To listen to the full episode on exits with Ariel, click here (best enjoyed after Part 1 the journey).

Team

Even a story built around the best idea or plot twist relies on compelling characters to make it worthwhile, and success in your startup is no different. We will preach it till the cows come home, team is everything! When it comes to deciding if you’ve reached the critical height and the timing is right to jump (sell), it’s your team who will be there with you, going all in or not, investing their efforts during challenging times. 

Despite pressure coming from VC’s or your private life haunting you with the lures of getting a “real job”, your team, driven by a mission and an honest corporate culture, will support you to keep pushing if you haven’t reached critical height or potential. 

Essence: At the end of the day you have to believe in what you’re doing. VC’s might steer you away from the riskier decisions or going international. Keep a handle on your own parachute, you and your team hold the rip cord on your destiny. 

Trust

You may have noticed a common thread across our interviews when we ask the opening question of mistakes Swiss entrepreneurs tend to make, the answer is almost always rooted in trust. 
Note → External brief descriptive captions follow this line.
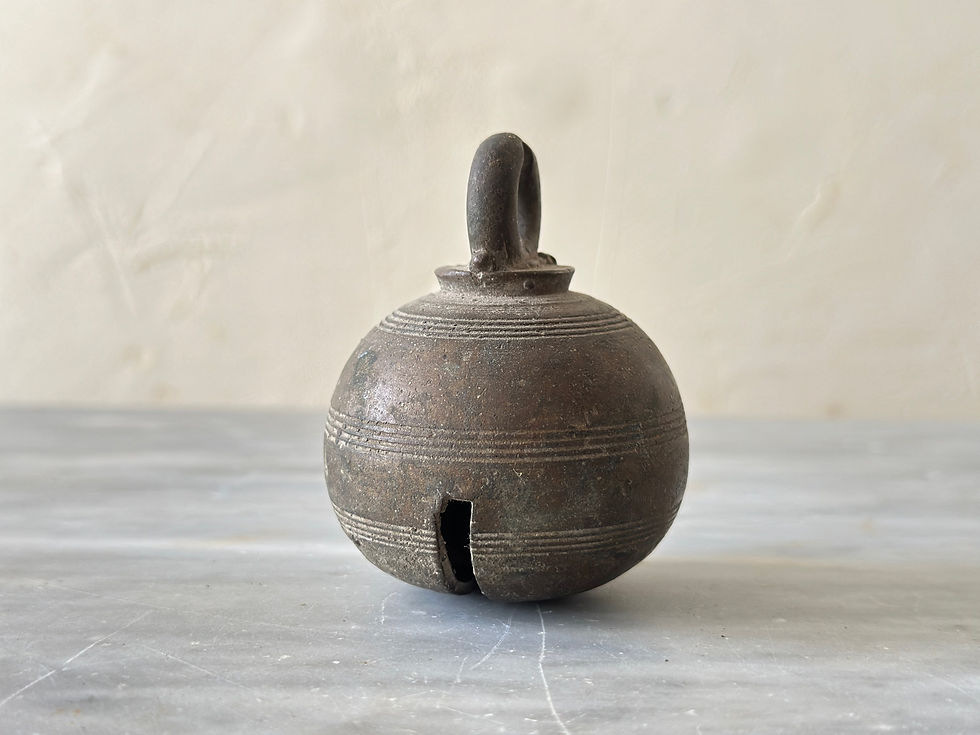 サムネイル： Thailand antique goat bell ②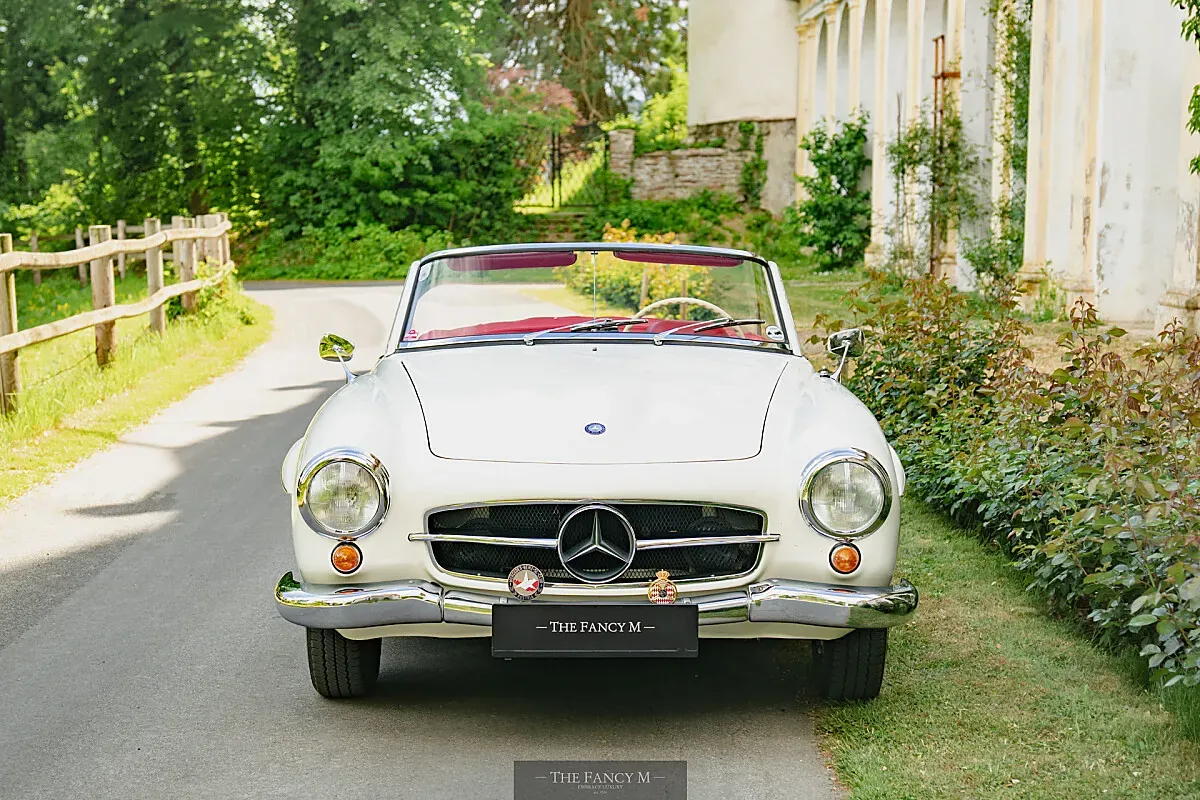 Mercedes-Benz 190 Sl 1961 photo 2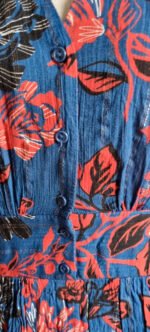 Robe bleue Sud Express – Image 6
This time we are talking about self-trust and believing in your product and the market against any looming risks. Selling too early and thinking small, are traps which are easy to fall into when in the geographically small Switzerland or Europe. Consider the following trap and alternate approach…

Scenario:

You’re running out of money, the option to sell comes up and is tempting you to a more comfortable outcome. 

Trust Actions: 

Be up front with your team, discuss salary cuts and repayment plans. Harness team culture against obstacles – you acknowledge that you need to be able to take hits to later take victories and you decide to fight for every customer like life and death. 

Essence: If you’re looking for romance, you usually never find it. You can’t force an exit in the same way. Focus on thriving, love what you’re doing, be good at it and if you’re successful with your direction things will happen on their own. 

Target

Being focused on the target means knowing the trajectory and all the possible outcomes well enough that you’re able to say no to yes. Of course you run the risk of saying no in the wrong moment but our general tendency as humans is to say yes too early or too often. 

Should you jump? 

First, check your original manifesto and the potential of the product. Have you reached the heights you believed in since the outset?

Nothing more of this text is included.